Denial is a lovely place to live for a while.
2. titaniccaptain said...
An Egyptian turd hasnt been in denial as much as mosth people in this county
3. doom&gloom said...
Decided to look up the Cheshire BS deal "For those with a 5 per cent deposit there are competitive deals available. The Cheshire Building Society is offering a three-year fixed rate of 5.49 per cent, with a fee of £899."
Can't find the deal on the Cheshire website. The best they can do is a 2yr fix at 5.82%. And the fee is now £999. Can't find the LTV. Quite a change from just one month ago.
4. doom&gloom said...
"However, unless prices start to fall at a consistently fast rate the decision to wait could be a false economy, warns Melanie Bien, of mortgage broker Savills Private Finance. She says that unless you are living with parents, the amount that a prospective buyer pays out in rent, particularly in parts of the Southeast, can offset any decrease in the purchase price of a house. Someone paying £800-a-month rent, for example, would pay an extra £4,000 by delaying a purchase for five months."
Is Melanie Bien stupid or just a liar? Has no one told her that if you take out a mortgage then you will have to pay INTEREST on the debt from day 1 (which is likely to be higher than the equivalent rent)?
5. yorkshireman said...
I am drawn to a paragraph in Ms Bien's article. "Someone paying £800-a-month rent, for example, would pay an extra £4,000 by delaying a purchase for five months."
Someone paying £800 in a mortgage for 5 months, would pay little if anything off the capital sum, assuming she is even advocating a repayment mortgage ? The £4000, plus all the legal costs and set up fees would disappear into the VI's pockets. However, the cloud has a silver lining. It will be better to lose the money on a falling market, than pay it in rent apparently.
You will know my views by now, so sorry to bang on again. The whole rotten system has tried and in some cases succeeded in cutting the throats of ordinary decent, hardworking people. Ms Bien et al should no longer expect the people to stand still and let it happen.
6. paul said...
If they're going to take advice from an Estate Agency's 'Finance' division, then they're hardly going to give an impartial view of the situation.
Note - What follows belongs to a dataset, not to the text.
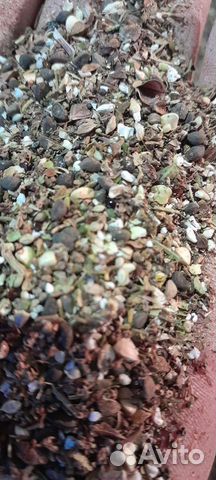 Гречневые отходы,мучка кормавая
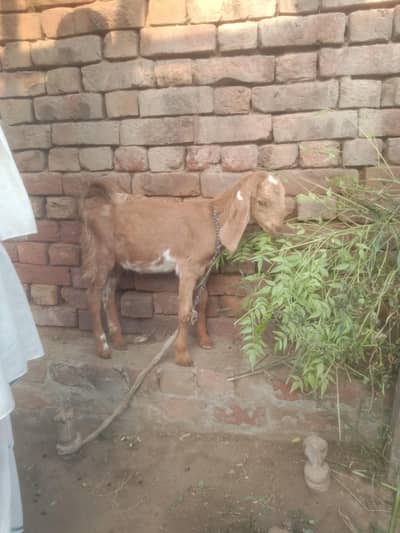 goat for sall argent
It is the fact that The Times passes this off as journalism that beggars belief.
7. Zippys said...
ITS TIME THESE MUPPETS HAD A LEGAL WARNING ABOUT MAKING INCORRECT STATEMENTS
8. drewster said...
@doom&gloom,
I wouldn't quite go as far as calling her stupid, but perhaps innumerate. Few journalists have scientific, mathematical, or engineering backgrounds. I can't find any indication of her qualifications, but she is personal finance editor for the Independent on Sunday and also a director at Savills Private Finance (the mortgage broker arm of the Savills estate agents empire).
If you switch from paying £800 a month in rent to buying a property which costs £800 a month interest-only, then you're basically renting from the bank. I like that phrase, "renting from the bank". Maybe I can make it replace "renting is dead money" in the popular imagination.
9. brian t said...
Times? The link takes us to an article in The Independent.
10. brian t said...
Oh, and this business about "paying an extra £4000": no. You WILL make the payments, the only question is whether you make them now or make them later. As already pointed out, nearly ALL of the early payments on a repayment mortgage is interest, not capital, so waiting for better interest rates has the potential to save you thousands per year.
A while ago I drew up a spreadsheet of the amortization (the American term) of mortgages over time, and the total outlay on these long-term mortgages is horrendous. To the Bank, the borrower is effectively a long-term investment for them, one in which they get to set the return on the investment as high as they can, subject to competition.